One week later my sister was dead, the result of having taken 15 mg. of methadone (three times my father's dose) and chasing them down with brandy. She was 47. She didn't know, and no one bothered to tell her, that methadone is stronger than vicodin. In this case it was strong enough to make her heart stop beating.
With an experience like that in my recent life, I'm a bit sensitive to the sight of anyone I know wrestling with a substance-abuse problem.
Now, I'm not some teetotaling sniffer: I don't do drugs or pills, but I do drink, and I enjoy it. I've been known to drink too much. But I can tell when someone has obviously developed a problem with alcohol, and I have a friend who has.

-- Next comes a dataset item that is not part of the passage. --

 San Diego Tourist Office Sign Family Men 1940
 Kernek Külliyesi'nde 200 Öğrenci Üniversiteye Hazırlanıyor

He showed up on my doorstep a couple of Fridays ago, around noon. I had invited another friend to lunch and we were out on the patio when the doorbell rang. I answered the door, and there was my pal and onetime blogging partner, teetering a bit as he stood there, with the dopey expression on his face that tells me he's been drinking for at least a couple of hours already. I beckoned him to come on in; instead he looked down at the bushes and pointed. Again I told him to come in. Again he cast his eyes down at the bushes beside the door and pointed.
I stepped out to see what he was trying to call my attention to. It was a 12-pack of Coors Light that he had brought along, and for some reason had stashed in the bushes.
I hauled the beer—and him—into the house, took him out on to the patio to join my luncheon group, tried to get him to eat a sandwich, to get something in his stomach besides alcohol. He showed little interest in food, however, but just kept asking for another beer. He was also babbling incoherently, interrupting the conversation, and in general making a drunken pest of himself.
“Wait a minute!” He said suddenly, as my former editor and I were discussing business. “I’m gonna go get my tape recorder! I want all this on tape!” Laughing mischievously, he left the table and stumbled out the front door.
He returned a few minutes later….with a golf ball. “That’s your tape recorder?” I asked him. “Well, there you have it,” I said to my former editor. “Talk to the golf ball.”
Presently my wife and my former editor’s wife together “ganged up” a bit on my drunken pal, told him point-blank that he has a serious problem and encouraged him to get help. Offended, he got up and left suddenly. I haven’t seen him since.
I know he’s been to Alcoholics Anonymous; his parents forced him to go. But AA doesn’t work if someone has to force you to go. It has to be your idea. He has yet to reach the “rock bottom” point that often drives people to AA. When I suggest to him that he go back, he voices objections. He dislikes AA’s dogmatic approach, he says, by which I assume he means that AA refuses to be open-minded about his drinking. The nerve of them.
I still have the golf ball. My cat plays with it. I have an uneasy feeling that alcohol is playing with my friend the same way my cat plays with his golf ball. Not much you can do with a golf ball. A golf ball is a dead thing; rolling around on the floor or on a fairway are about all it’s good for. To my friend I’d like to say, quit acting like a golf ball. Quit rolling around and get up off the floor. Because you’re not a dead like a golf ball. Yet.